[Records provided]

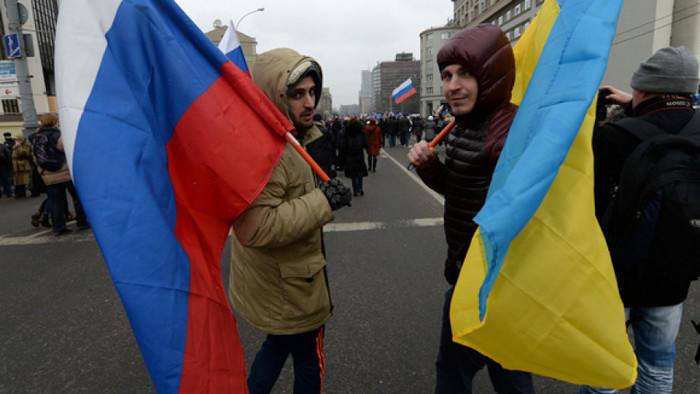Киевляне выходят на улицы с флагами РФ Киевляне выходят на улицы с флагами РФ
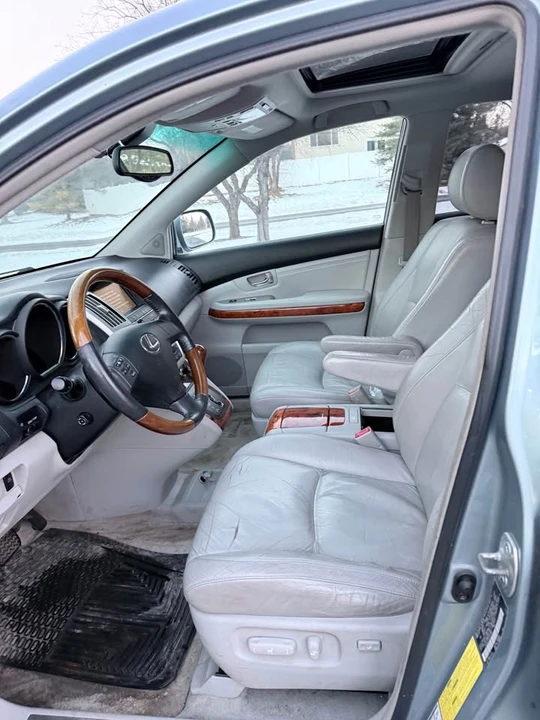 2004 Lexus RX 2nd Gen - Image 6 of 12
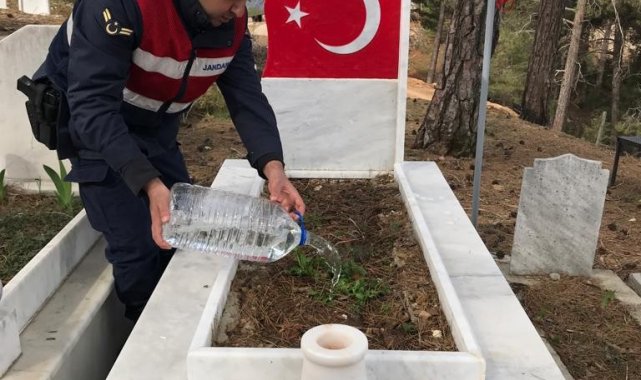 Antalya'da şehit ve gazilerin kabirlerinde temizlik ve bakım yapıldı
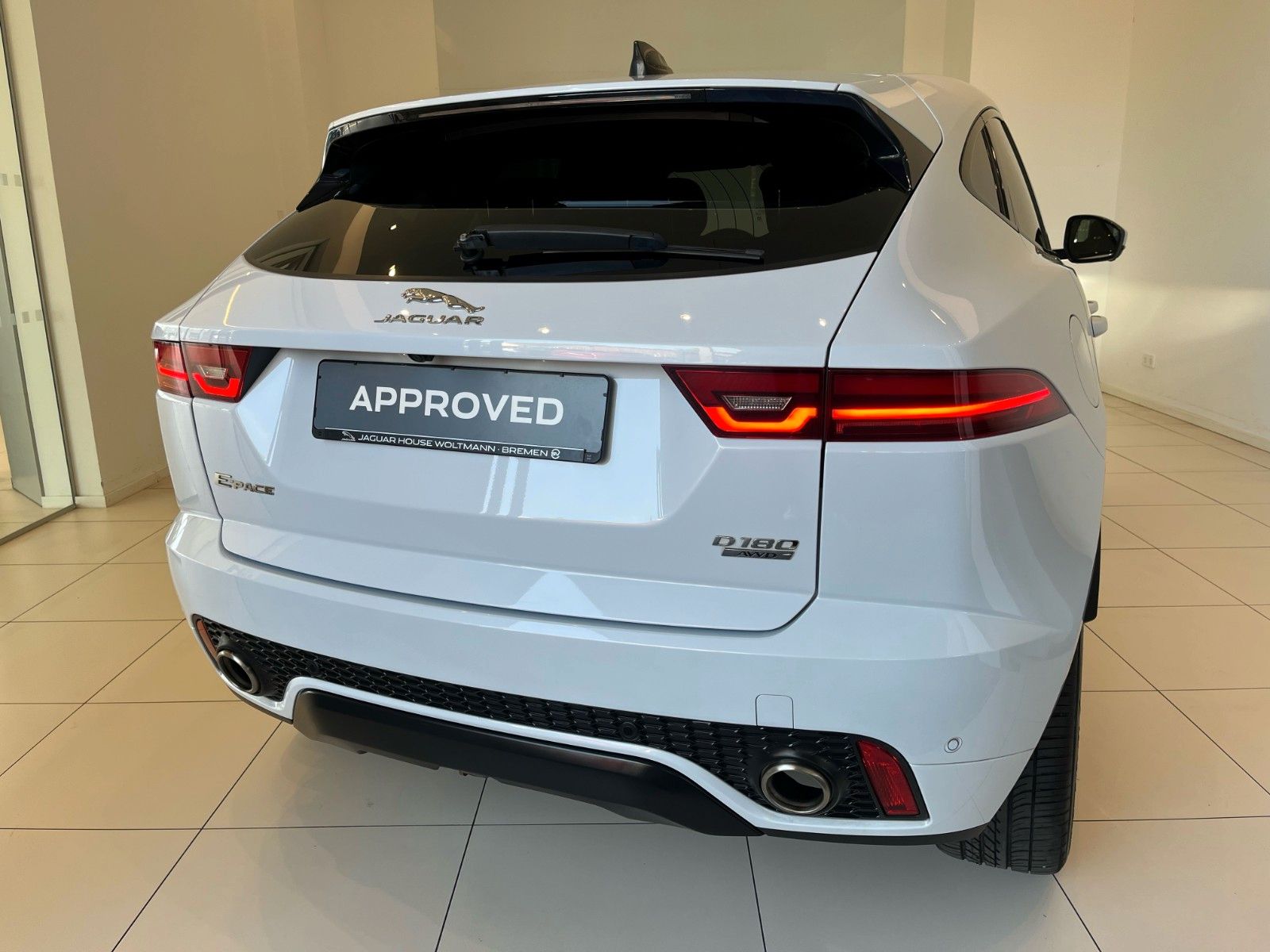 Fahrzeugabbildung Jaguar E-Pace D180 Chequered Flag Panoramadach & AHK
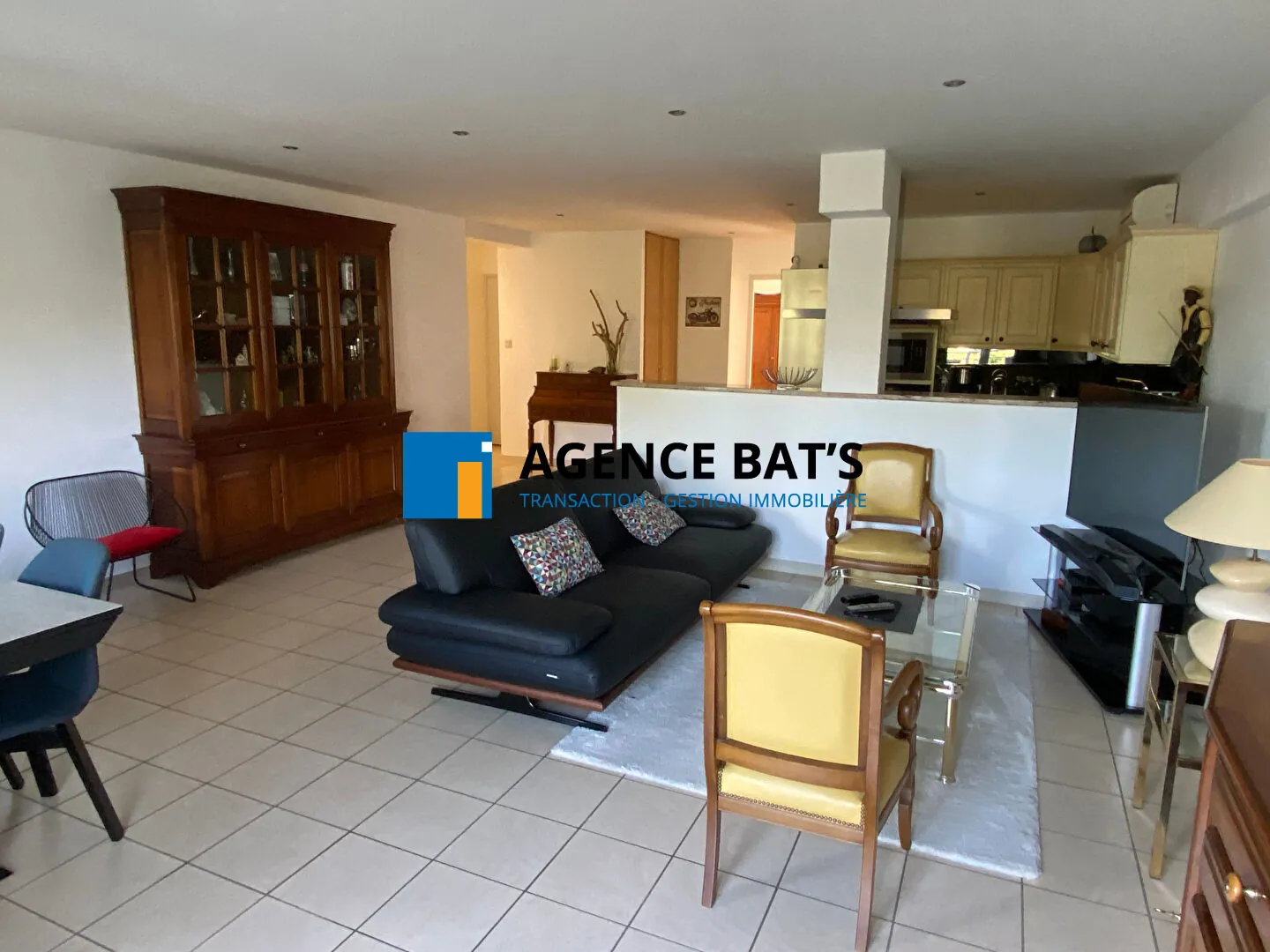 Vente Appartement F3 de 85 m² à Roche la Molière avec terrasse et parking privé 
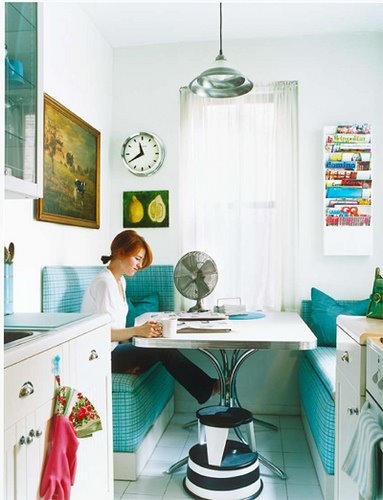 [robinegghousebeautiful.jpg]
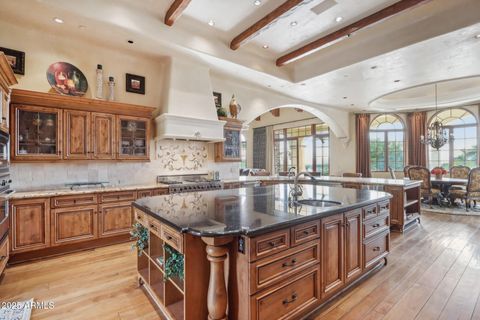 4836 E White Gates Drive Phoenix AZ 85018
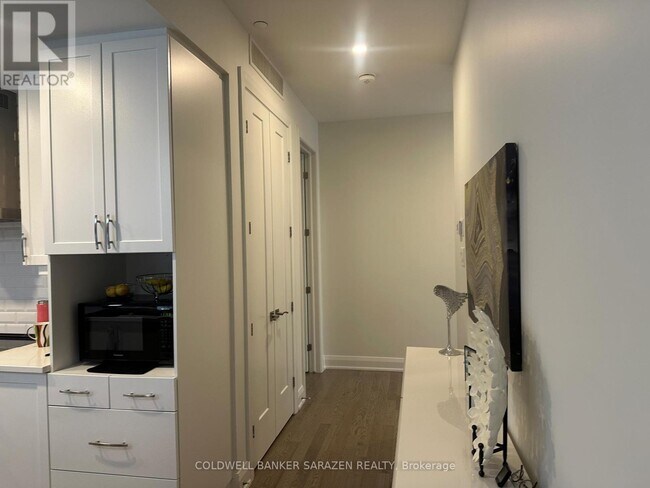 Building Photo - 100 Cortile Private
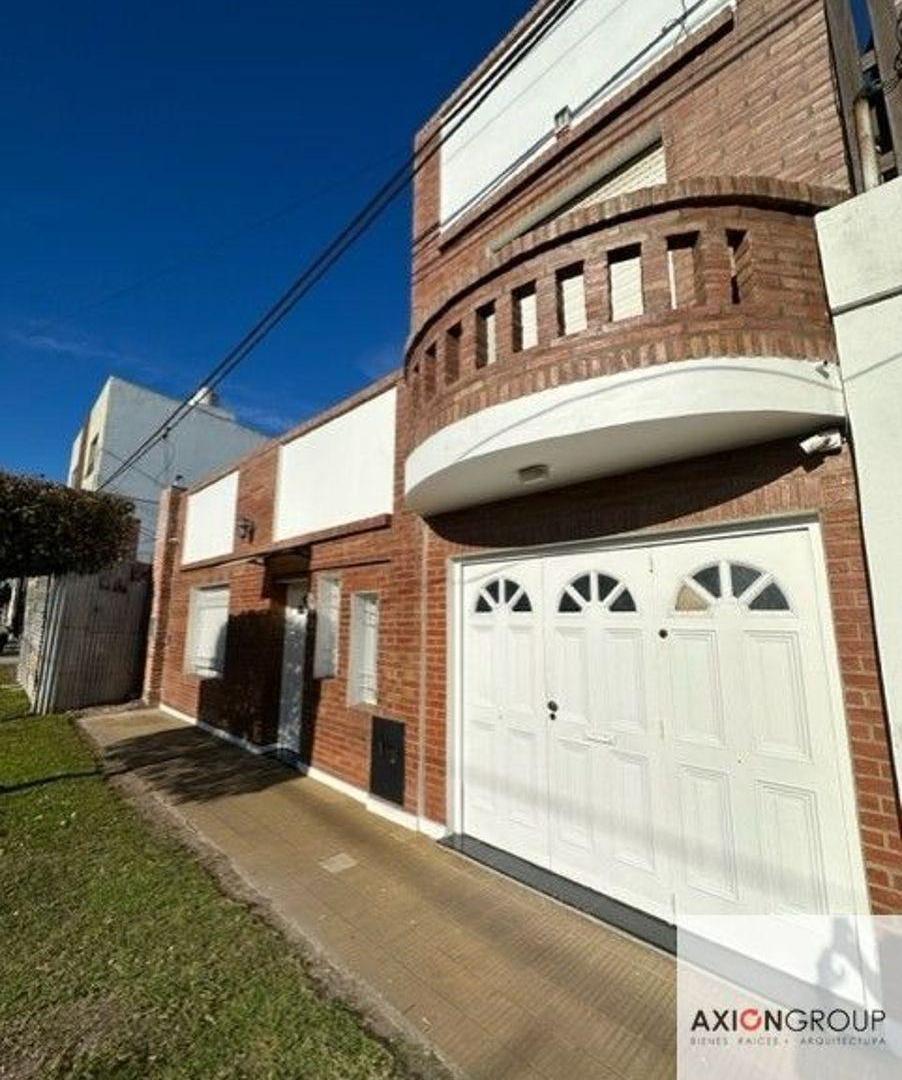Venta de casa en calle 141 e 49 y 50 - Los Hornos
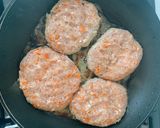 A picture of step 4 of Savory Sweet Ground Beef Patties.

[/Records provided]

Try it: The lines to reproduce run from the line containing "Fahrzeugabbildung Jaguar E-Pace" through the last line of the records above, both included. Copy them exactly and drop the pictures.

Output for this exercise:
 Fahrzeugabbildung Jaguar E-Pace D180 Chequered Flag Panoramadach & AHK
 Vente Appartement F3 de 85 m² à Roche la Molière avec terrasse et parking privé 
 [robinegghousebeautiful.jpg]
 4836 E White Gates Drive Phoenix AZ 85018
 Building Photo - 100 Cortile Private
Venta de casa en calle 141 e 49 y 50 - Los Hornos
 A picture of step 4 of Savory Sweet Ground Beef Patties.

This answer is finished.